Wednesday, November 10, 2010

Harold Rosenberg

I just finished reading Rosenberg's art criticism book, 'The Anxious Object.' I knew the book would be about how great those Ab Ex artists were, and how Pop art was bad. He saw Pop art as bad, and I think he might have suspected that Pop art might be signifying an end or a new way of thinking that contradicted his own. Modernism was ending and all that baggage that went with it. Modernism had this grand idea of progress in art. However, this lens excludes many artists and art work made during the Modern period 1880's to the 1950's. I think Pop was such a radical break with Modernism that a critic like Rosenberg couldn't help but be a man of his time and reject it. What was interesting, however, was the chapter on globalization of art. In predicting trends, Rosenberg was really hitting the mark with this chapter. He suggests that their could not be a 'Paris' and longer for most artist to flock to, but artists will be attracted to many cities across the globe and no one city will dominate the artist's attention. I felt some of the writing lamenting about the 'good old days' a bit when he suggested that the books that publish reproduction of art and the increase of the museum goers was some how diluting the art scene in some way.
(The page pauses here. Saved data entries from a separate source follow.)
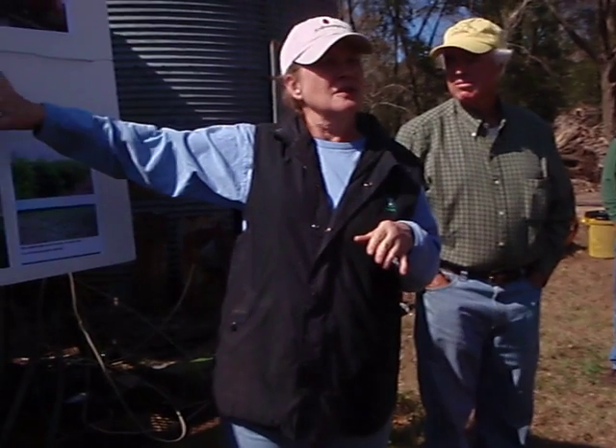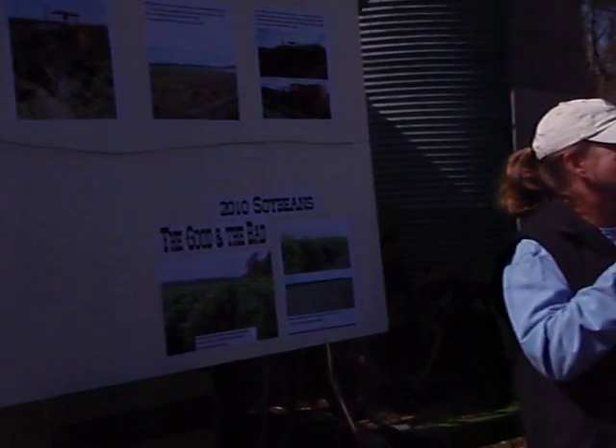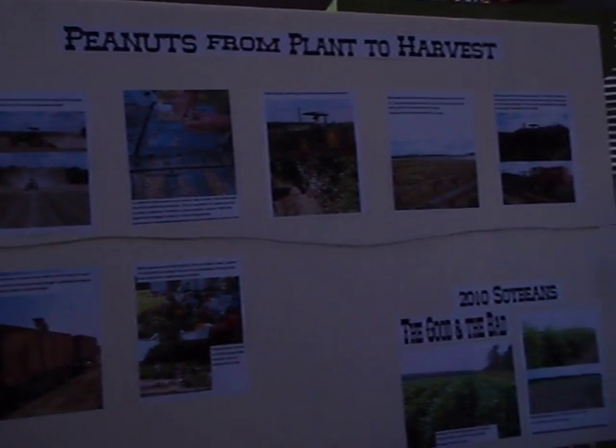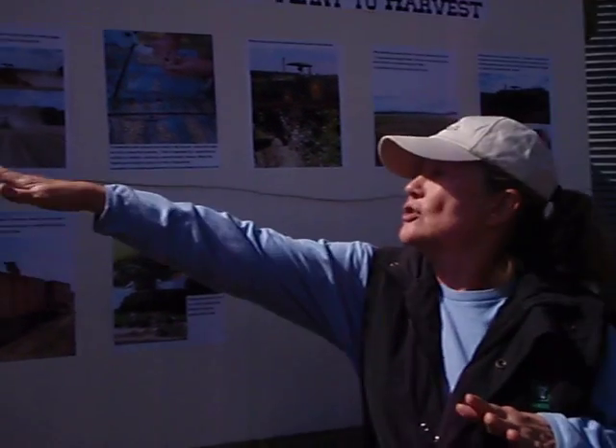I'll put a little picture board up here for you to show — if you've never seen peanuts — how they've done. I do have them a little bit out of order planted. I don't have a picture of that.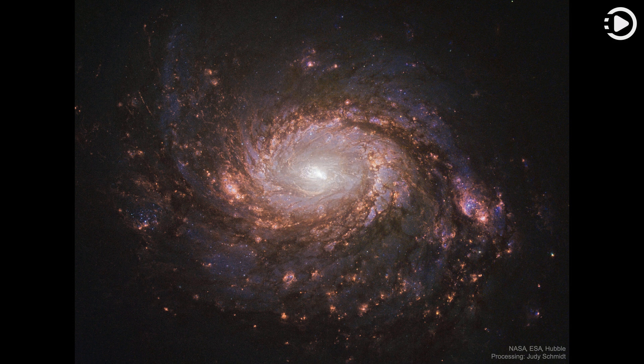At that estimated distance, this gorgeous island universe is about 100,000 light-years across. Also known as NGC 1068, its compact and very bright core is well studied by astronomers exploring the mysteries of supermassive black holes in active Seyfert galaxies.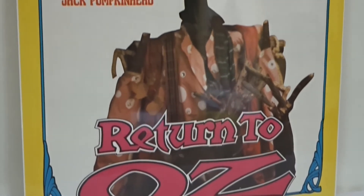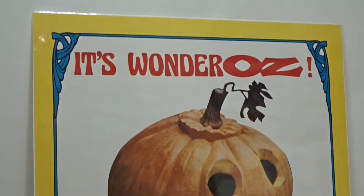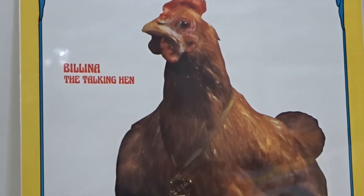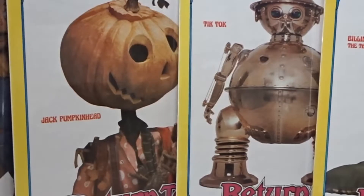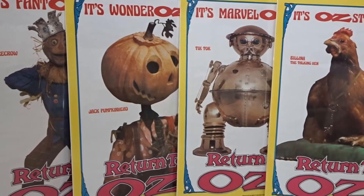The Bellina and Jack Pumpkinhead posters are cropped images from other photographs. Out of the two characters, I have never seen the photograph Bellina originates from. The Scarecrow and TikTok posters come from a photo shoot that was done near the end of the film.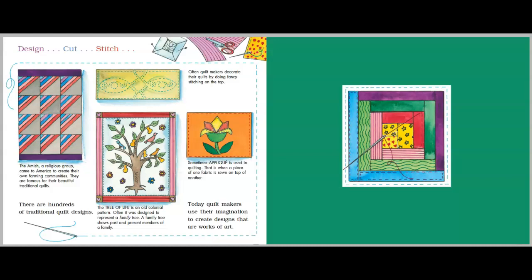Design. Cut. Stitch. Often, quilt makers decorate their quilts by doing fancy stitching on the top. The Amish, a religious group, came to America to create their own farming communities. They are famous for their beautiful traditional quilts. There are hundreds of traditional quilt designs. The tree of life is an old colonial pattern. Often, it was designed to represent a family tree. A family tree shows past and present members of a family. Sometimes, appliqué is used in quilting — that is when a piece of one fabric is sewn on top of another.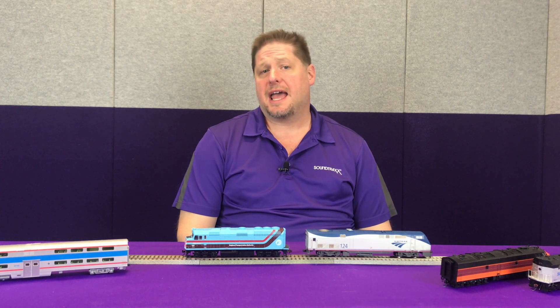Hey guys, Georgia Soundtracks here, and this week we're going to talk about one of the lesser known features of the Tsunami 2: head end power, or HEP. So let's get started.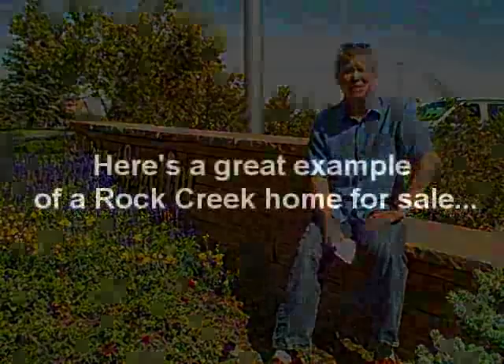In terms of Rock Creek homes for sale, of the 40 or so homes that are actively for sale and not under contract, we've got a median price of approximately $470,000 and an average of 82 days on the market. That's a pretty good market for sellers, and I'd call it more of a balanced market.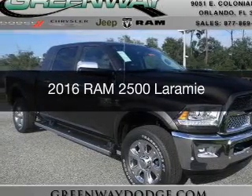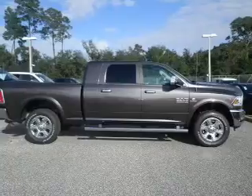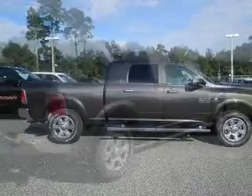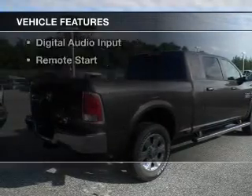This is a new 2016 Ram 2500. It's powered by 4-wheel drive, a 6.7-liter 6-cylinder engine, and a 6-speed automatic transmission. The features include internet connectivity,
The book is a nice snap shot of the period in art and worth the read.

4 comments:

Troy Camplin said...

I've been thinking a bit about location (spatial economics and economic geography), network theory (with its strong and weak ties), and the production of ideas and new objects (which includes everything ranging from new products to new works of art). The last comment about location made me think about one of the elements of network theory, which is that aristocratic networks (one or a few big hubs, a few medium-sized ones, and a lot of small ones) eventually evolve into democratic networks (a whole lot more large hubs, but still a medium number of medium-sides ones, etc.). This happens once there becomes a certain physical density that can no longer allow the largest hubs to continue growing. Thus, next-largest hubs catch up, then next largest, etc. I wonder if this is what we see in artistic centers around the globe. Naturally, each hub would have its own local style -- though one informed, of course, by the fact of globalization and availability of new works from around the world via the internet. What do you think?

Caio Fern said...

now you made me really curious about this book .
thank you .

Todd Camplin said...

There are some artists that travel so much that critics say they have an international style or transnational style. Some cities are known for a hand full of artists and their style seems to dominate; whereas other cities have so many artists that the city style is diffused among many different styles.

Troy Camplin said...

It would be an interesting project to parse those distinctions. A spatial economics of artistic style?